Once you have the idea of a return to feudalism with peasants being tied to their local lands and too poor/no permission to leave it'll make more sense. There's also a healthy dose of anti natal kool aid drinkers that genuinely believe we need to lower our standard of living to save Gaia.
I have noted that while mass produced products get ever cheaper and flimsier, the cost of custom manufacturing and tools continues to plummet. Certain products like motorized window blinds which can somehow cost > $1000 each are just cheap plastic, but for that price could be 3D printed out of literal titanium. On the other hand, there's weird things like a 42 inch TV costs less than a custom printed canvas banner. The tools to do a job can be bought for cheaper than paying someone to do the job with tools they already own. Soon I feel it will be cheaper and more convenient to own chickens than to buy eggs. Strange economic times.
Recently I built a TV console and media shelf out of aluminum extrusions, oak, and some custom waterjet aluminum parts. It was expensive, but not that much more expensive than standard furniture and much much sturdier.
All those middlemen need to get paid with rapidly devalued fiat funny money.
Where are you getting milk that the jugs don't work?
I haven't ever had a problem even with the wal-mart brand of everything.
The UK is definitely on the vanguard of national self destruction.
Spend the extra for the cardboard cartons.
the bad flavor you taste is from light penetrating the plastic.
plastic ingestion is bad for you.
He is in Bongland, but I noticed Wal-Mart pulling that shit about 8 years ago. Literally every week the grocery bag was leaking milk. I don't know if it was regional or they fixed it, because we switched to another store that has quality products.

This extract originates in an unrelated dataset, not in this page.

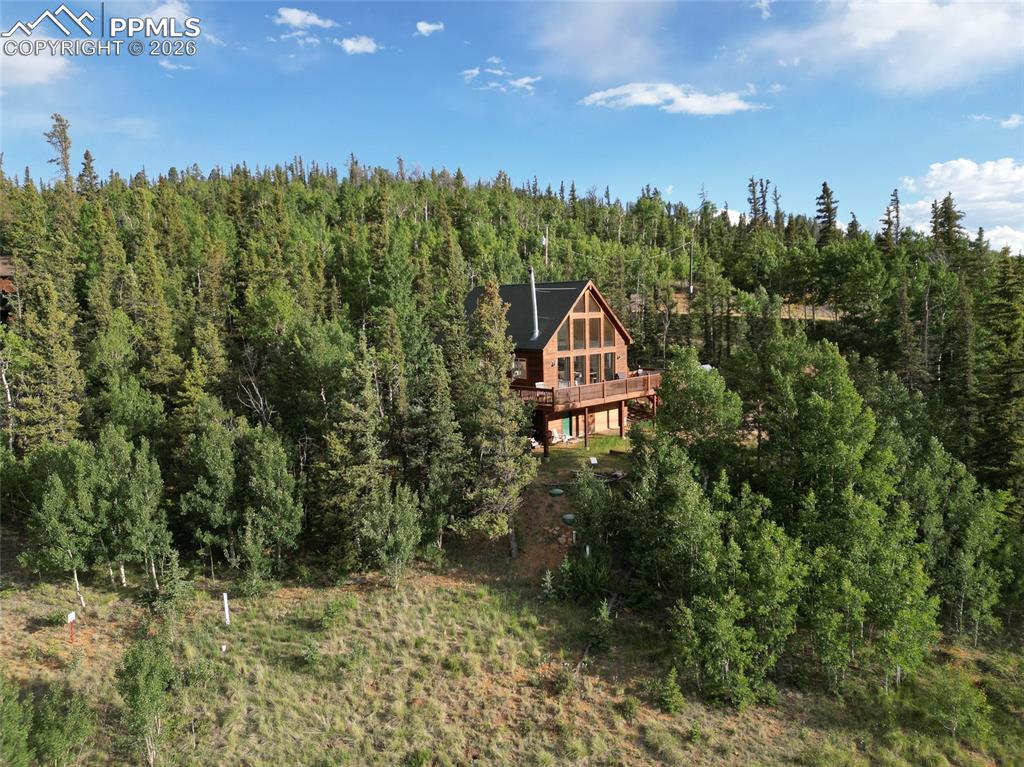 339 Wampum Lane Como CO 80432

Oil, you gotta loicense to have that spoon?
Must have been the tranny kind.
Gallon milk jugs are pretty thin, and the caps don't inspire confidence that they won't leak or pop off.
Arizona Tea jugs, on the other hand, are tanks. I would keep them to refill with RO water.
You're right, it's the fucking caps they use. What is that? Better quality jugs use screw lids.
It's all just laundering something.
Nothing more than a global transfer of wealth from your pocket to people that do not care about you, and possibly actively hate you.
It's just another face of communism and population control. To destroy the things that make us wealthy and successful.